- _What you need to do_: Transcribe exactly the lines below that begin at the line with "LONGUS empuñaduras - ANATOMIC - negro/gris" and stop after the line with "White petal bowl", leaving out every picture.

- _Source data_:
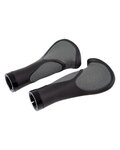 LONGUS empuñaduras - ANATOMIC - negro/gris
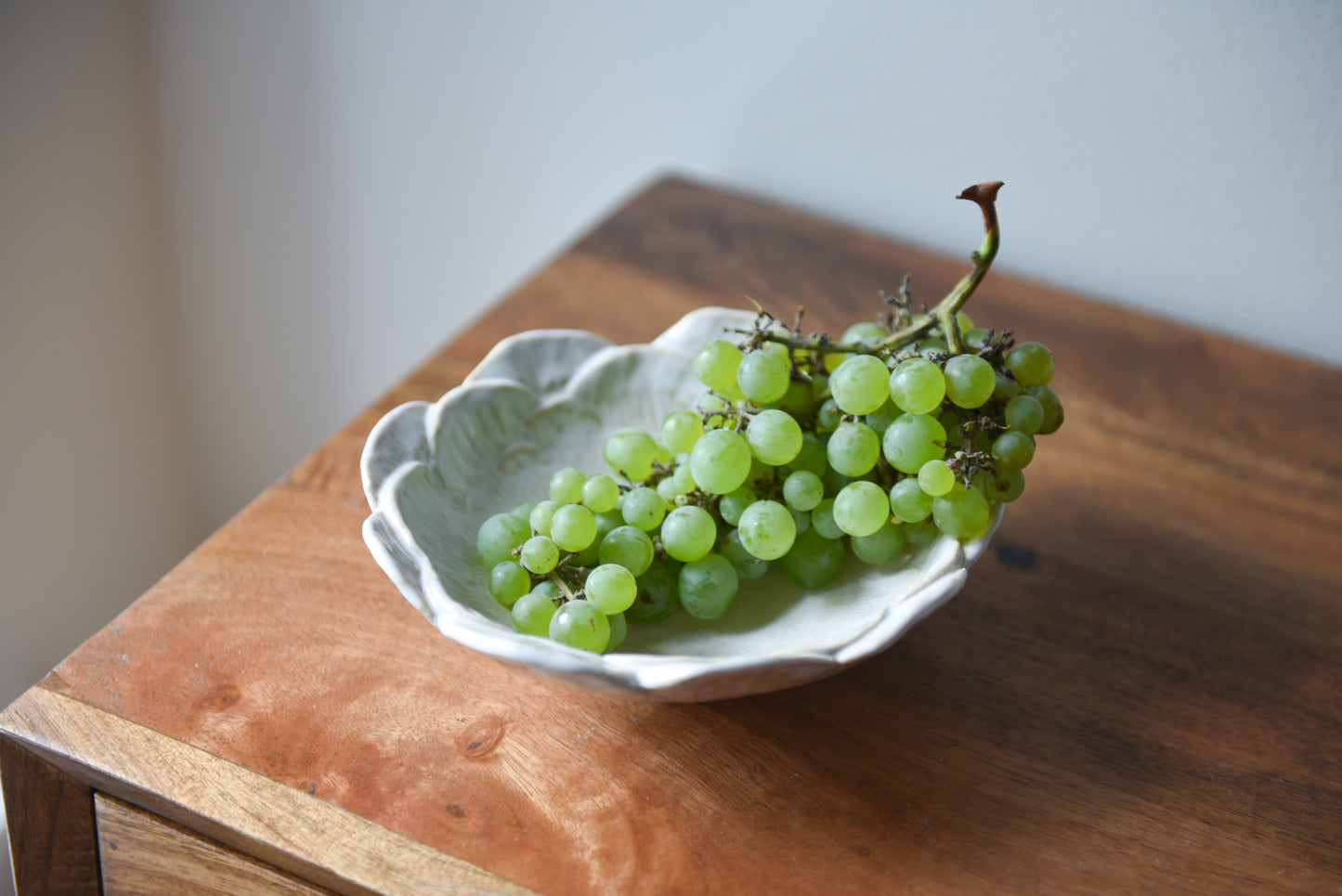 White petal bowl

...

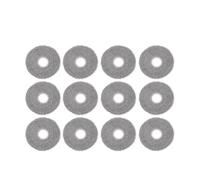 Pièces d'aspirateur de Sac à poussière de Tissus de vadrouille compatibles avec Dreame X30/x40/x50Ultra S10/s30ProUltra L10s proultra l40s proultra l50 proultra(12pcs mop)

---

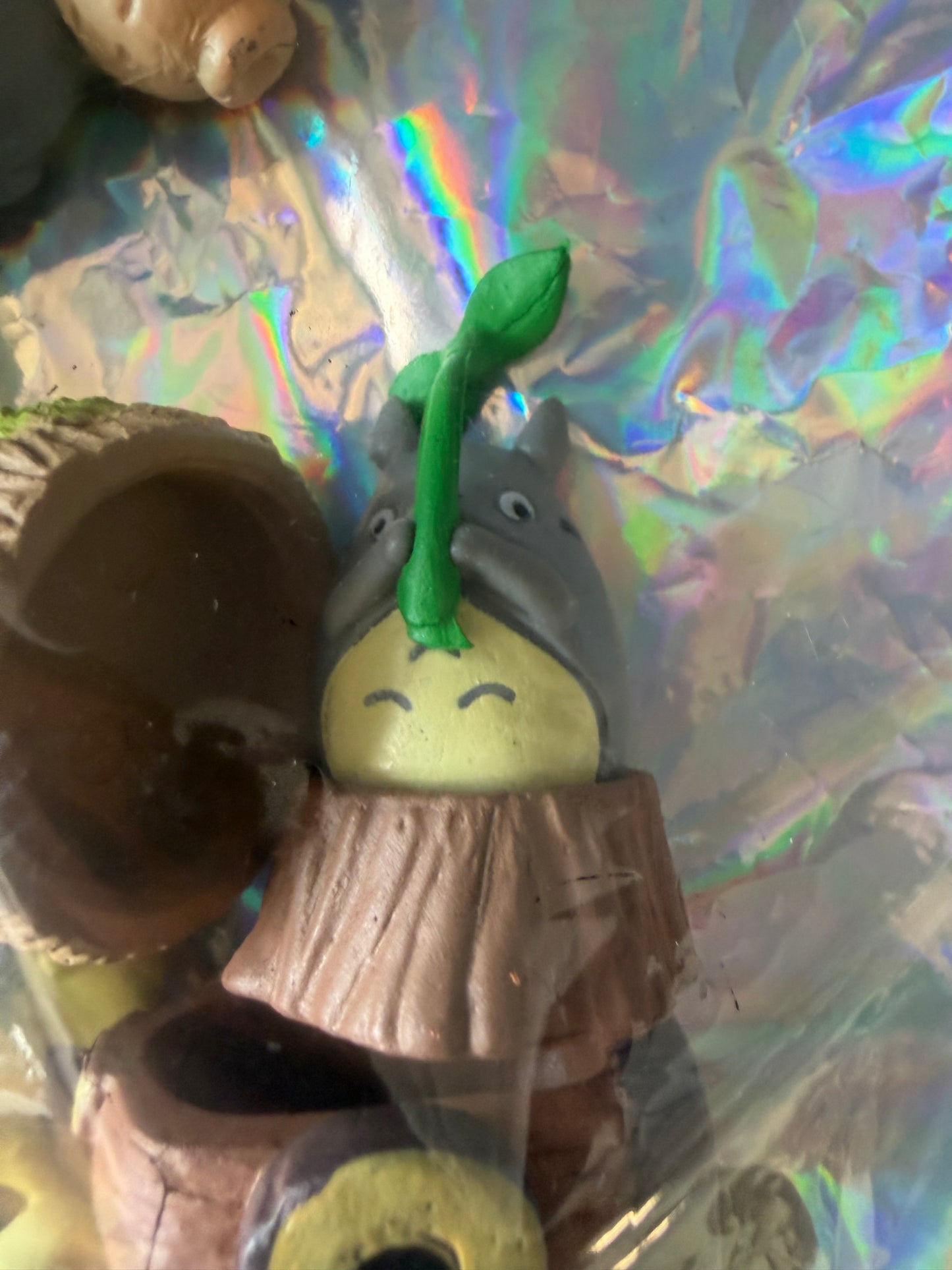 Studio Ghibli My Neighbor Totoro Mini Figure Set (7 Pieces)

- _Exercise response_:
 LONGUS empuñaduras - ANATOMIC - negro/gris
 White petal bowl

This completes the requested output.